Já a Cosan, sócia da Raízen com a Shell e dona da Compass (energia), Moovie (lubrificantes), Rumo (ferrovia), além de participação minoritaria na Vale, deverá manter seus movimentos de expansão nos próximos anos. Fontes a par do assunto afirmaram que o foco da empresa de energia será etanol de segunda geração. Em ferrovia, a Rumo deverá expandir a malha além de Rondonópolis, importante corredor de grãos.
Ex- BR Distribuidora, a Vibra Energia não vê grandes exigências de investimentos, aumentando o patamar mínimo do pagamento de dividendos como consequência disso, afirmou André Natal, diretor-presidente interino, em teleconferência.

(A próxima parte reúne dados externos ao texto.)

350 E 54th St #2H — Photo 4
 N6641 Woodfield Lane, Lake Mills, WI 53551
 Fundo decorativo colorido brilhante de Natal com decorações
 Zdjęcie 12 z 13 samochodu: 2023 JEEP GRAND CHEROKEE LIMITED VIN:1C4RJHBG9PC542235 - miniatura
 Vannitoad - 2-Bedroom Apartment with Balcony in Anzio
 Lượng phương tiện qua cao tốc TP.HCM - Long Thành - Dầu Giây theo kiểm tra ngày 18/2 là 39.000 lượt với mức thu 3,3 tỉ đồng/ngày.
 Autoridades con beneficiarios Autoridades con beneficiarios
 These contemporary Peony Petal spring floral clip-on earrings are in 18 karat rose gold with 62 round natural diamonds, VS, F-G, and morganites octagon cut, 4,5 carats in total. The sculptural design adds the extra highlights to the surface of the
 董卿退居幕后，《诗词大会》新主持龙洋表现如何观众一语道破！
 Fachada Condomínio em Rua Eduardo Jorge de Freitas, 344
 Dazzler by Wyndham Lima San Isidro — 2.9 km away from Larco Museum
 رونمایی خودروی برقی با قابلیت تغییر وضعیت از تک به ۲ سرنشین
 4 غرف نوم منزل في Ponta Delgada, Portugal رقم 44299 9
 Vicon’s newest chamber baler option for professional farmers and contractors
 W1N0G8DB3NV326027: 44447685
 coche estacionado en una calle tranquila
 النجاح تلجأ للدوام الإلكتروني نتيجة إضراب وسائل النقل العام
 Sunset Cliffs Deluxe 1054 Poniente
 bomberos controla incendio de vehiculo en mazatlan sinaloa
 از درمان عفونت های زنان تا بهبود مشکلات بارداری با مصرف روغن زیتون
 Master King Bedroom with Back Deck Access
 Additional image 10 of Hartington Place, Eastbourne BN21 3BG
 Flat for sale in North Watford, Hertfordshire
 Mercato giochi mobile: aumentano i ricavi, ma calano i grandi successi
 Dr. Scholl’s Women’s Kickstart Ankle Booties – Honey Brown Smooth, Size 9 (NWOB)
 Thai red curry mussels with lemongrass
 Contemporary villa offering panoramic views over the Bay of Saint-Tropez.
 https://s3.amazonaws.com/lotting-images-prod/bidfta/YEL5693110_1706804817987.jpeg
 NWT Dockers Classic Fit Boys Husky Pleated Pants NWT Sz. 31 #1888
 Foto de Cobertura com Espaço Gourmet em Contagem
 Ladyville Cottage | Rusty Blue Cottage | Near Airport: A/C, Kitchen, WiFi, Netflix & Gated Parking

A petroquímica Braskem também não deverá fazer grandes desembolsos em 2023, uma vez que o ciclo de baixa do setor deve comprimir os resultados. A companhia estava no fim do ano definindo o planejamento estratégico para o próximo ciclo de três anos e levará em conta os desafios presentes e tendências futuras para decidir quais projetos permanecerão em portfólio.
Procuradas, Braskem, BRF, CSN, Cosan, Gerdau, Marfrig e Vibra não concederam entrevista.